His maps included economic data, transportation of precious metals across the world, distribution of human races across globe, geomagnetism, volcanoes, earthquakes and tsunamis.

Ralph Waldo Emerson referred to Humboldt as having a “solid center and expanded wings, gathering all things as he goes.”

Observing and Analyzing America’s Forests

Charles Perry, PHD and Christopher Oswalt PHD of the USDA Forest Service Forest Inventory and Analysis are collecting authoritative data and sharing it with the public.

They collect and assess census, survey and national sampling design data for over 50,000 plots, resulting in a database with more than 19 million trees, that all begin with a sample. They are measured by crews who have made a career out of collection.

Conservation of endangered species and native pests and exotic pests are increasingly common in eastern forests. National scale data and analysis, are necessary for the program to remain relevant into the future, and they are educating public so they can participate.

“Now we’re combining data and knowledge with artistic visualizations,” said Perry.  “Our first web app was the forest atlas. This app invites you to look at the content; look at individual tree species ranges, highlighting the relationship between the number of trees and the products they produce. Sugar maple us widespread in the eastern US. There are photos and descriptions of common uses.”



The new technologies of today are taking the principles that people like Alexander Von Humboldt lived by and applying them to the challenging problems of today’s world.
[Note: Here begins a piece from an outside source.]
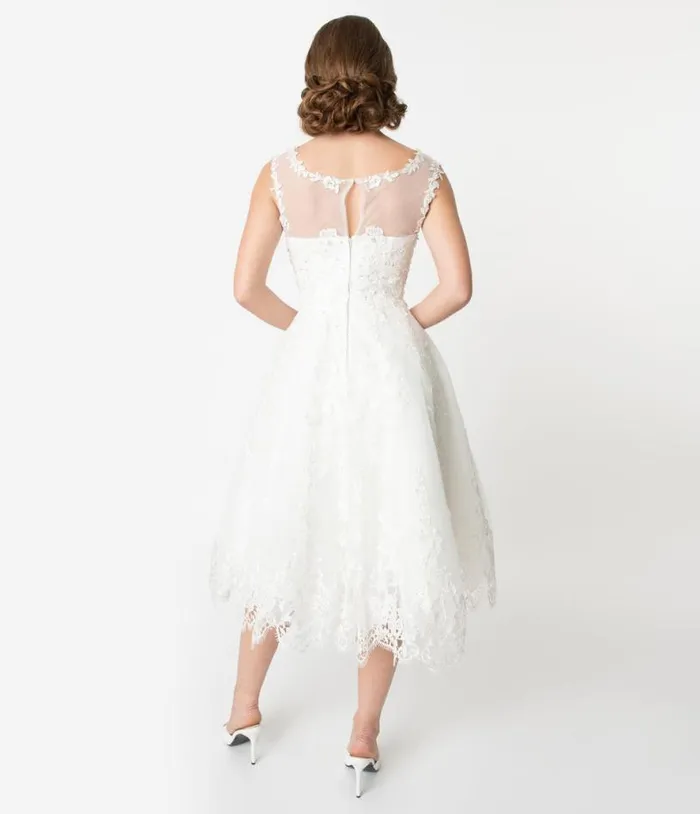 Ivory Lace and Tulle Riviera Bridal Dress Dresses Unique Vintage Swing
What leaps predictive analysis, mapping and visualization have taken since the 19th century! What took years to accomplish in those times can now take hours.

And today, with so many ways to gather data and to mine it, we still ask the question, “what do we do with all this data?” and spend the majority of time figuring out how to make the wealth we have gathered actionable.

The evening’s Map Gallery presentations, always a treat, showcased the maps and research that has been done over the past year by different agencies, universities and individuals, with topics ranging from climate change, environmental issues to precision farming, natural disasters, emergency response and defense – and everything in between.